**ABOUT THIS TASK:**
Pictures must be left out. Retype exactly the lines from the one containing "this 474×266 image." through the last line of the records below.

**GIVEN INFORMATION:**
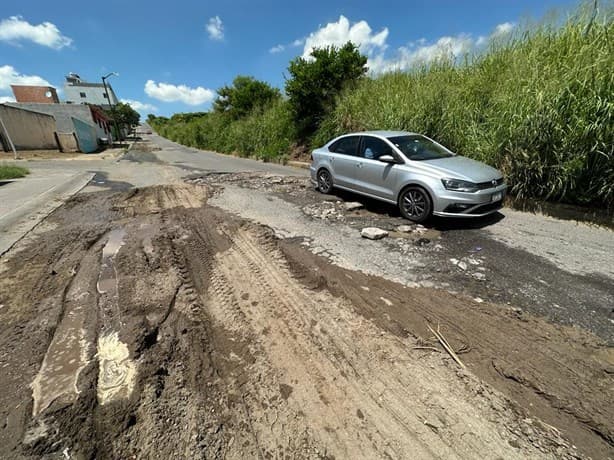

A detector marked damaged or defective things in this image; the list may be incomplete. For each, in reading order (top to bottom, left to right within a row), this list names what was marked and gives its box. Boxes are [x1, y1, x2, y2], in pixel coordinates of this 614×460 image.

damaged asphalt road [0, 137, 612, 460]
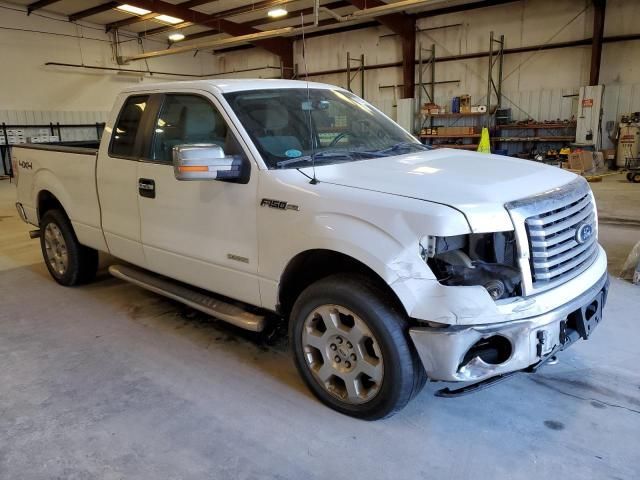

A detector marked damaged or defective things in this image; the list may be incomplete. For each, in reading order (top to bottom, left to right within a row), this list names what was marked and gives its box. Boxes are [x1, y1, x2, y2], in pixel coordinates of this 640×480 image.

missing headlight area [422, 232, 524, 300]
damaged front bumper [410, 274, 608, 382]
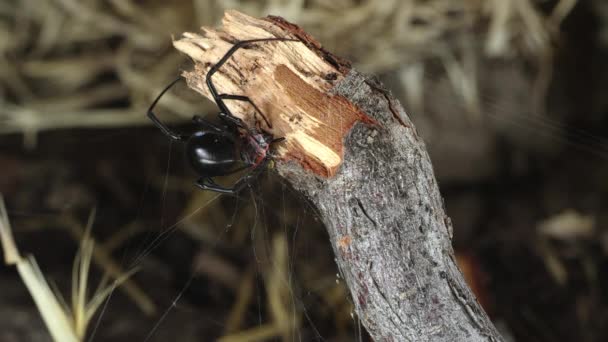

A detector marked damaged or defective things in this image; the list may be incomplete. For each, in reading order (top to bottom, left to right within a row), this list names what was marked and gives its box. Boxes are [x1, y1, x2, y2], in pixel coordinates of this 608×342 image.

splintered wood [171, 10, 370, 178]
broken wooden stick [173, 10, 502, 342]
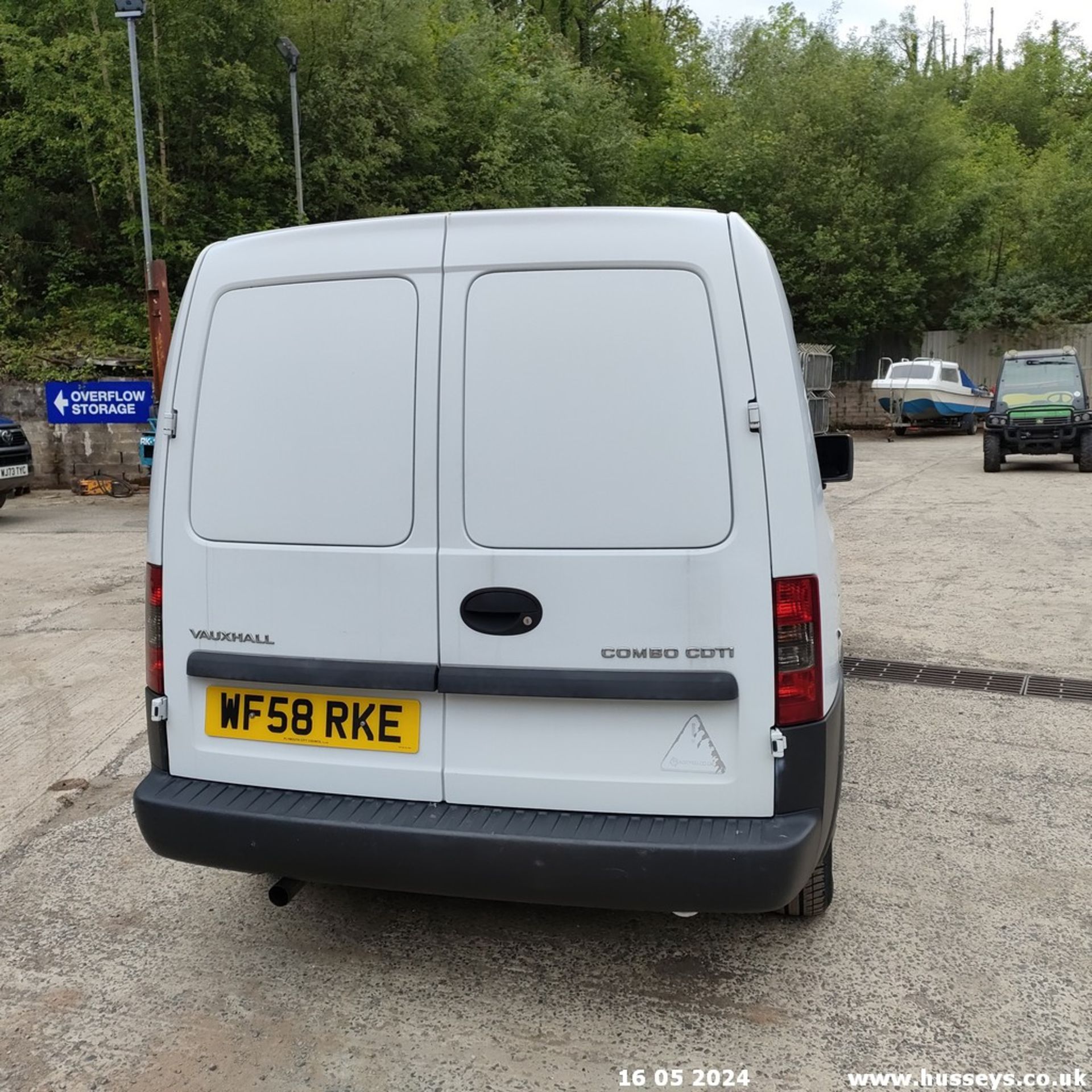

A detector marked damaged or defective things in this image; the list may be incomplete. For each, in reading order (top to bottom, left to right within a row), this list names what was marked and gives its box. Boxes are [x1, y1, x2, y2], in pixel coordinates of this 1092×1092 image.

rusty metal post [146, 257, 171, 402]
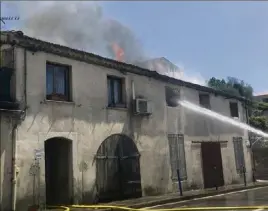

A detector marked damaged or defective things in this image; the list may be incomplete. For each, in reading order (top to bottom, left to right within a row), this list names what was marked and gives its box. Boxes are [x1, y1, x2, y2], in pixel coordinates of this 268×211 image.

damaged roof [1, 30, 249, 102]
peeling plaster wall [0, 47, 251, 210]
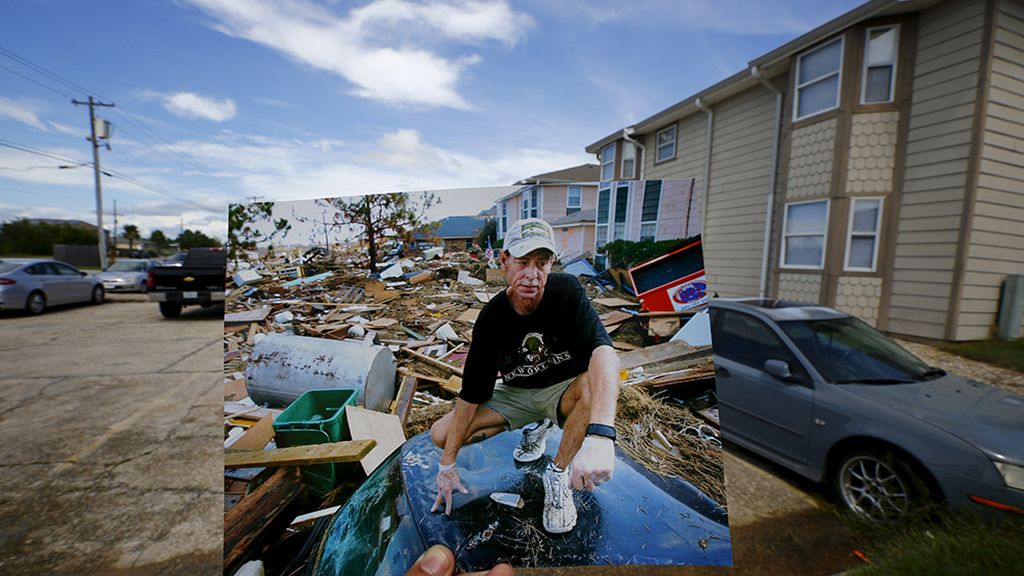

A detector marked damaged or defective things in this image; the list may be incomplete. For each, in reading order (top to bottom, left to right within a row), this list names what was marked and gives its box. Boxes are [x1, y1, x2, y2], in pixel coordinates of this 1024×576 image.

broken lumber [224, 438, 376, 467]
broken lumber [224, 469, 303, 569]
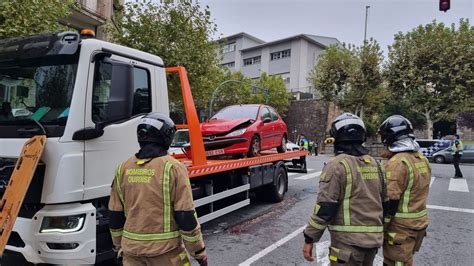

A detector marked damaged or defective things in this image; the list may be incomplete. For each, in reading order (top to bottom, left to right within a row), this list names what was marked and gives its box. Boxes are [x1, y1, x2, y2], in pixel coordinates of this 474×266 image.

crumpled car hood [199, 118, 252, 135]
damaged red car [201, 104, 286, 157]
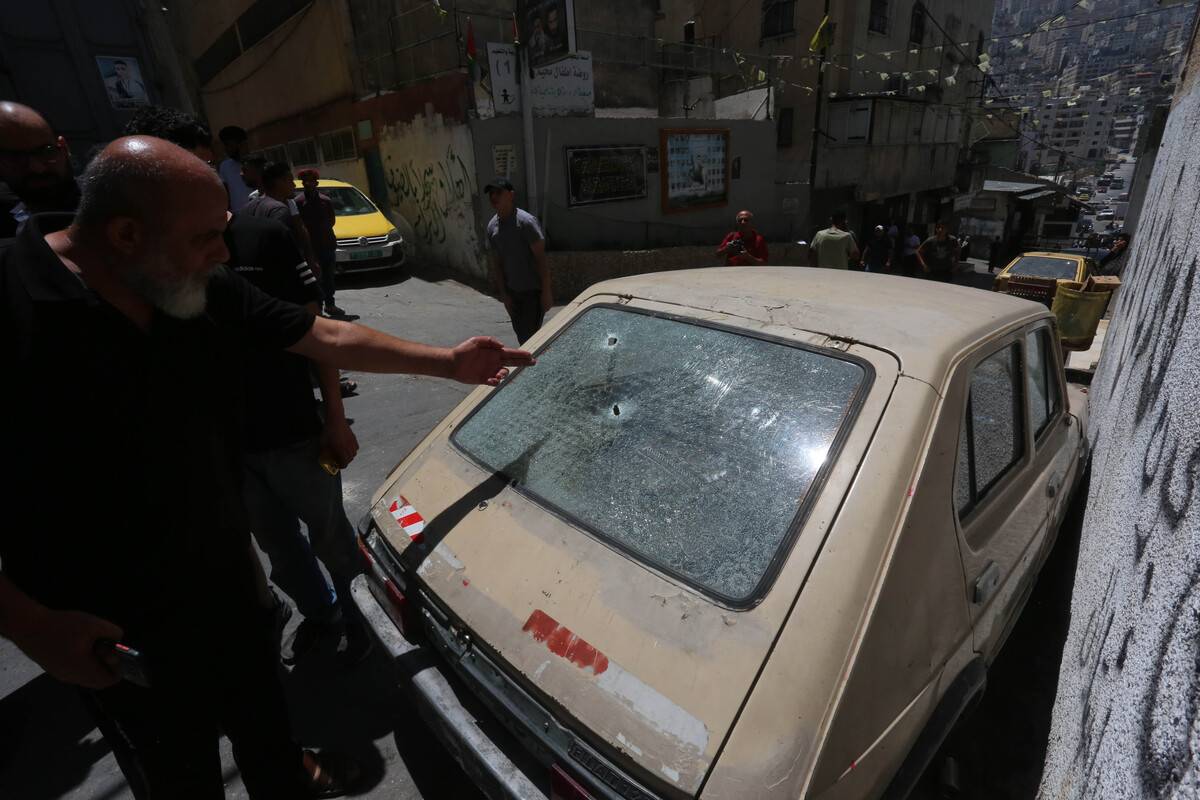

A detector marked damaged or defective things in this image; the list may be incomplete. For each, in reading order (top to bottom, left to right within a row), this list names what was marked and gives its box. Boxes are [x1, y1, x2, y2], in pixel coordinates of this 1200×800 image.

shattered windshield [454, 306, 868, 600]
damaged beige car [352, 266, 1096, 796]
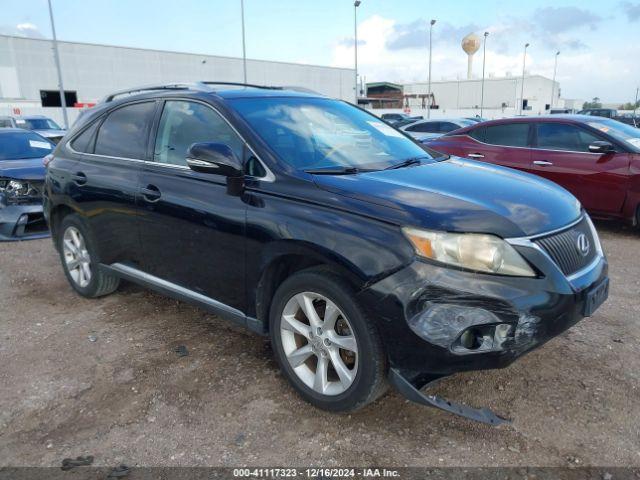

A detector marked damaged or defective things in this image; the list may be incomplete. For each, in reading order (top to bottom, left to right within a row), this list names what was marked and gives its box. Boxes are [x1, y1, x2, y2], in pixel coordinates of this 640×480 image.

damaged suv [42, 82, 608, 424]
cracked headlight [404, 226, 536, 276]
front bumper damage [358, 234, 608, 426]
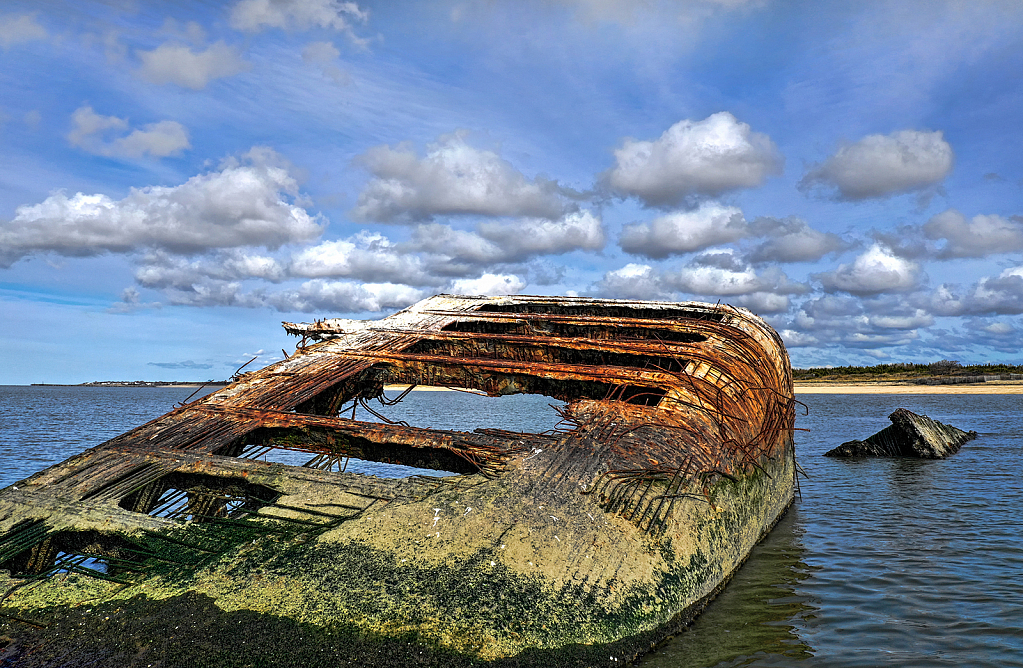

**RESULT:**
A detector marked damaged or defective things in this image; the list may be incomplete. For each, in reading order (top to bottom, left to right within a row), this list names what was marked and gives its box. Boxes are [x1, y1, x2, y2], in pixel coordinates of this 474×266 image.

crumpled car hood [199, 118, 252, 135]
damaged red car [201, 104, 286, 157]

A detector marked damaged or defective things in this image; the list may be incomplete. For each, in reading order (top to bottom, left to right within a row), this list names what was marked and gives its box. Boxes are [x1, y1, x2, y2], in pixel coordinates of this 1200×800 image.

shattered windshield [454, 306, 868, 600]
damaged beige car [352, 266, 1096, 796]

A detector marked damaged or defective things in this image; the list may be incomplete. For each, in reading order (top to bottom, left to right within a row), this list names what was marked and gives its box. Boxes are [x1, y1, x2, y2], in pixel coordinates of this 640×480 image.

damaged suv [42, 82, 608, 424]
cracked headlight [404, 226, 536, 276]
front bumper damage [358, 234, 608, 426]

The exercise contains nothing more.